Grahame
Each national standards body such as BSI will issue an ISO OID root that is 
globally unique.? DICOM uses a root for it spec.? Companies can purchase a root 
to use when identifying each DICOM object such as an image that they create.? 
This work well if appropriate care is taken in designing the system and the 
algorithm for creating the non root components. 

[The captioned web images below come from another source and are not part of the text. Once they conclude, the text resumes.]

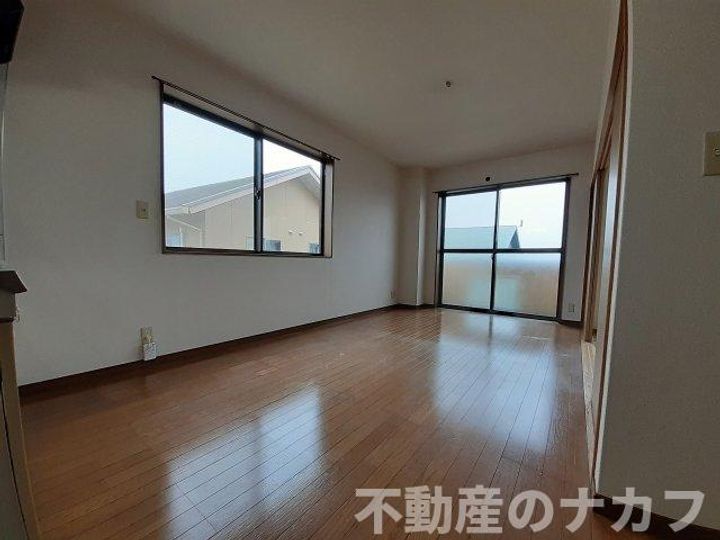 KMKローズの居間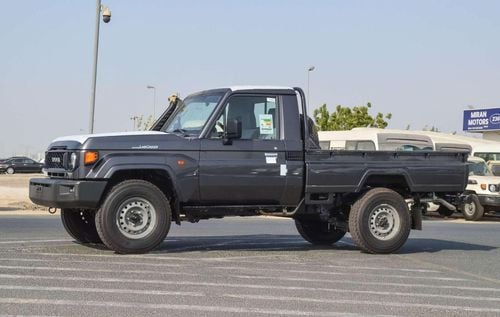 تويوتا لاند كروزر بيك أب 70 4.0L 4WD PETROL 2026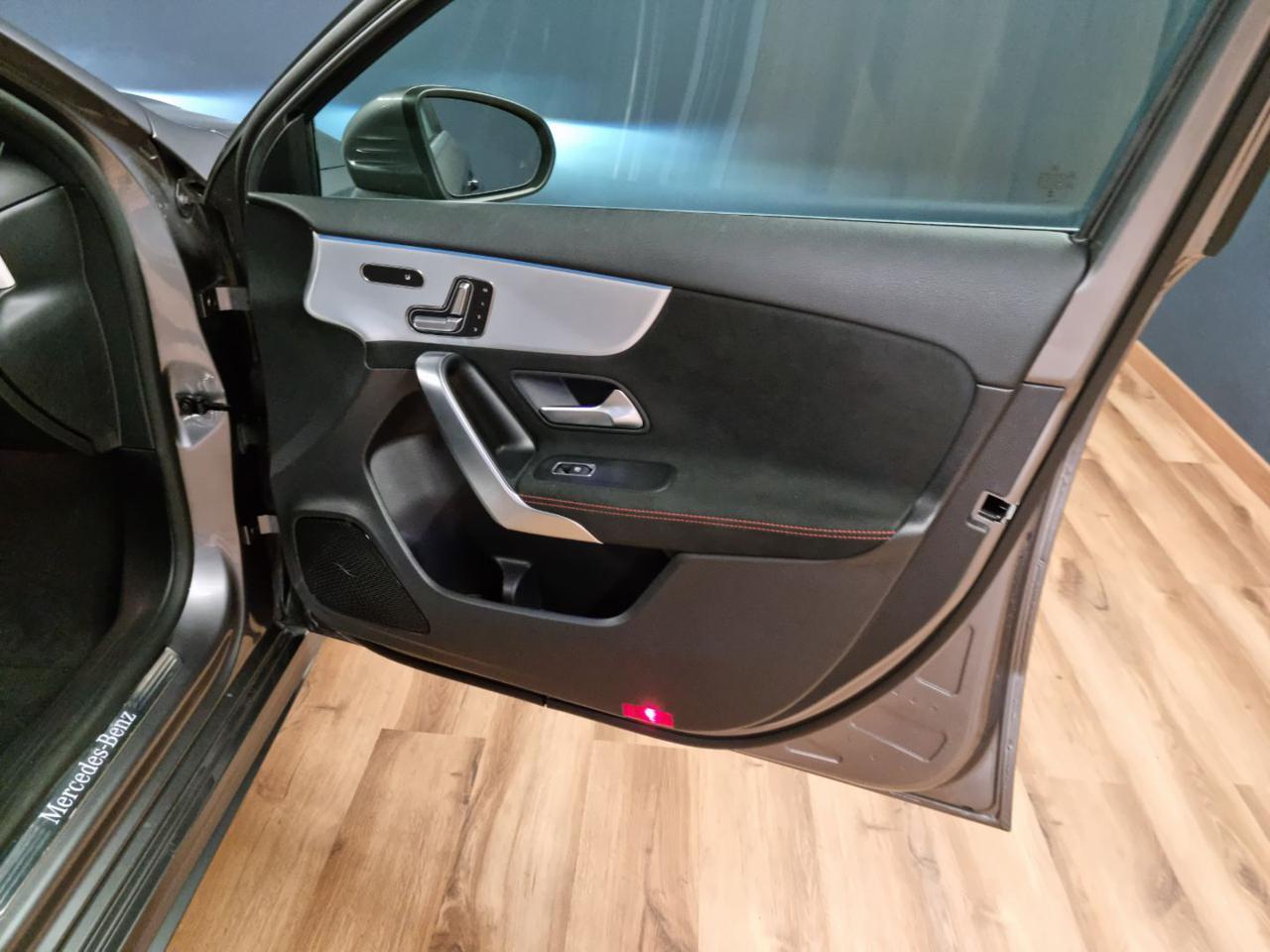 MERCEDES-BENZ A 180 Automatic AMG Line Premium Plus - 22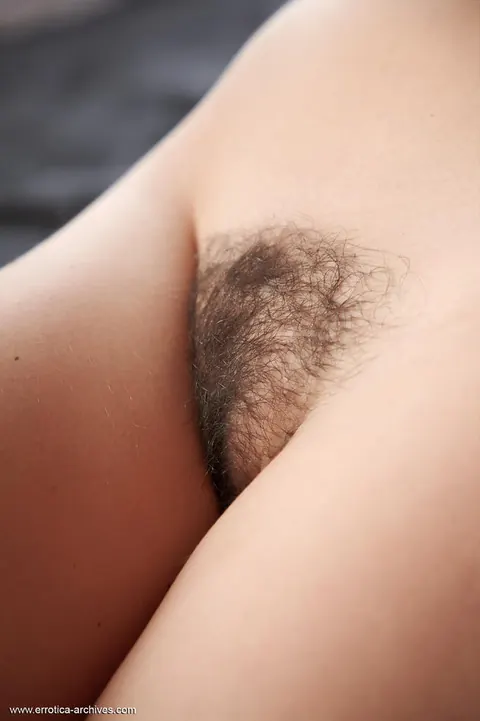 Aleksa Slusarchi: Brunette with Small Natural Tits Opens Her Hairy Pussy – photo 7 of 16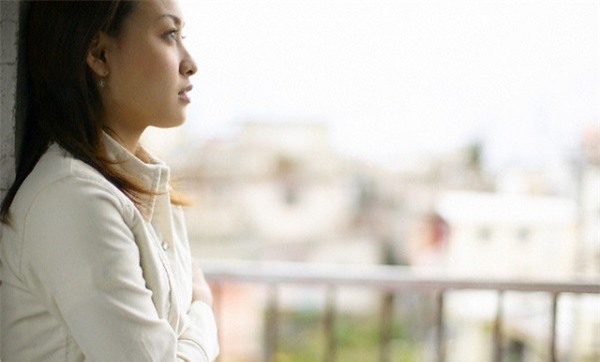 Càng lớn, con gái tôi càng chẳng hề giống vợ chồng tôi - Ảnh 1.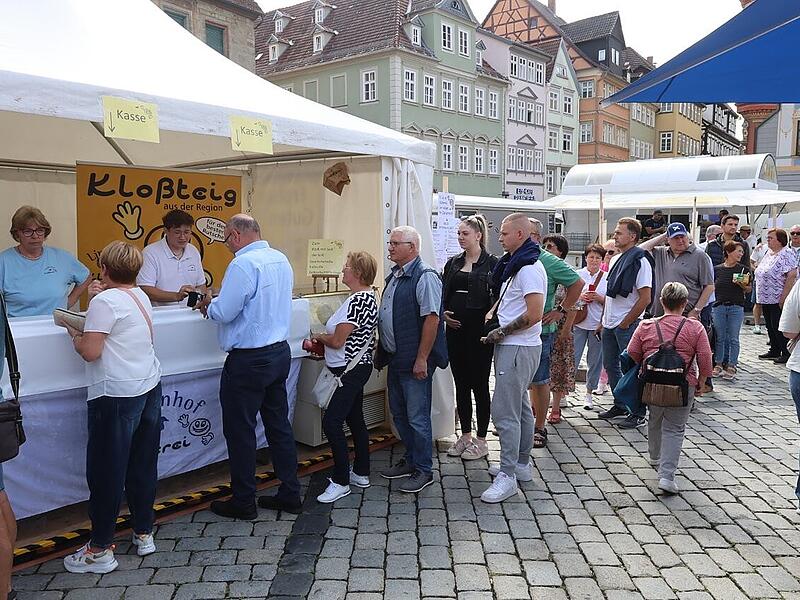 Coburger Kloßmarkt gestartet: Sonntag verkaufsoffen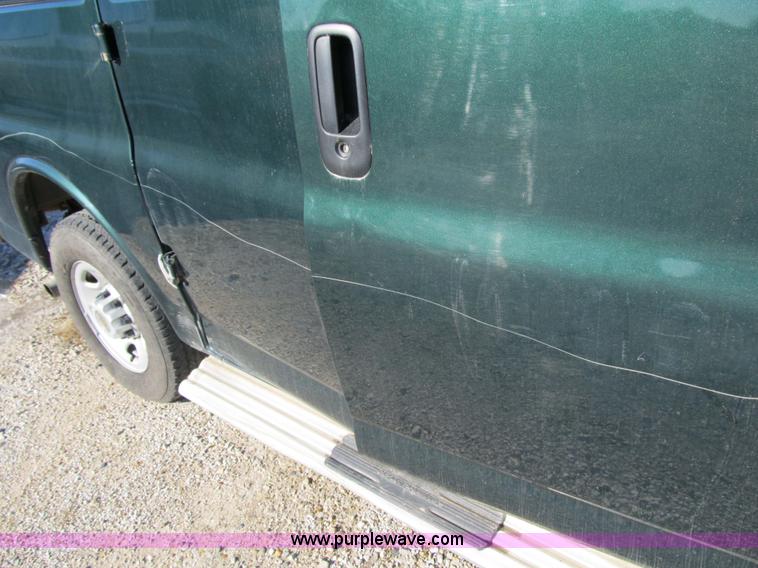 image for item 3593 2005 Chevrolet G2500 Express van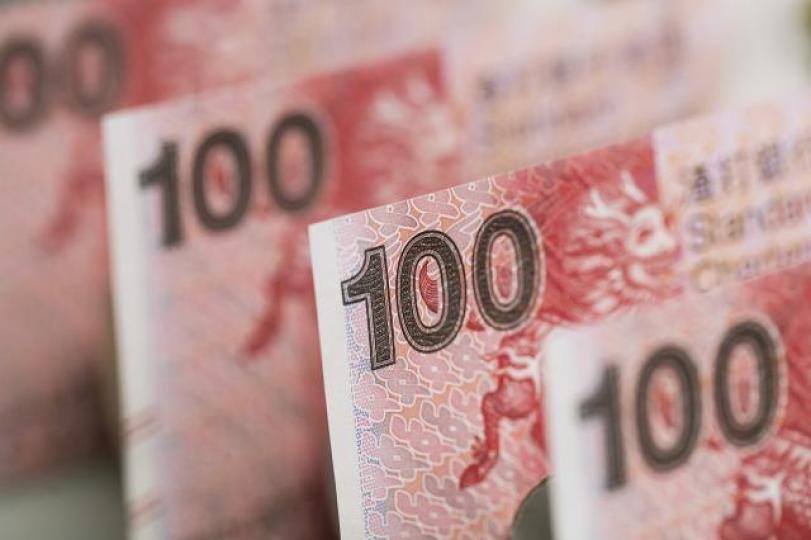 對沖基金揚言狙擊港元,萬一港元真的崩潰,一般升斗市民,除了調配一下MPF,其實冇乜值得做。資料圖片 對沖基金揚言狙擊港元,萬一港元真的崩潰,一般升斗市民,除了調配一下MPF,其實冇乜值得做。資料圖片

It seemed to me hat you needed to know some of teh background when thinking 
about when you actually need to use DICOM UIDs 
Best wishes
Nick

--- On Tue, 18/1/11, Grahame Grieve <grahame at kestral.com.au> wrote:

From: Grahame Grieve <grah...@kestral.com.au>
Subject: Re: Use of Identifiers in archetypes
To: "For openEHR technical discussions" <openehr-technical at openehr.org>
Cc: "Dewinder.Bhachu" <Dewinder.Bhachu at gmail.com>
Date: Tuesday, 18 January, 2011, 9:39

Thanks Nick

The question here really isn't about the semantics of the DICOM identifiers,
though I thank you for reviewing those. The question is about how these 
interact with an openEHR system and with other users of the archetype


One interesting aspect concerning the OIDs is that though they are supposed
to be globally unique, unless you have a oid root <--> issuing system registry,
you still need to track the issuing system (and I've never heard of such a 

registry in practice)

Grahame


On Tue, Jan 18, 2011 at 8:24 PM, Nick Brown <nbrown.mimic at btinternet.com> 
wrote:


Hi Grahame

DICOM UIDs are globally unique ISO OIDS expressed in a specified text format. 
Also specified in an ISO standard called GUSI (Globally Unique String 
Identifiers).? So storing them as ASCII text strings of max length 64 bytes is 
actually how DICOM uses them.


Within a department each four digit identifiers called Accession? numbers are 
used as identifiers usually to identify a folder that holds the results arising 
from a specific request for an imaging procedure to be performed.? When they 
get to 9999 they start again at 0001.


The IHE SWF Profile specifies a way to use DICOM and HL7 date elements to 
manage the process of creating results as a result of a request.? It used DICOM 
UIDs to identify various data objects including any image data objects that are 
produced.? DICOM has its own way of searching for
 images which requires a set of UIDs to identify the image and where it can be 
found.? These were originally designed for use within a department but are now 
being used for communication between departments.? 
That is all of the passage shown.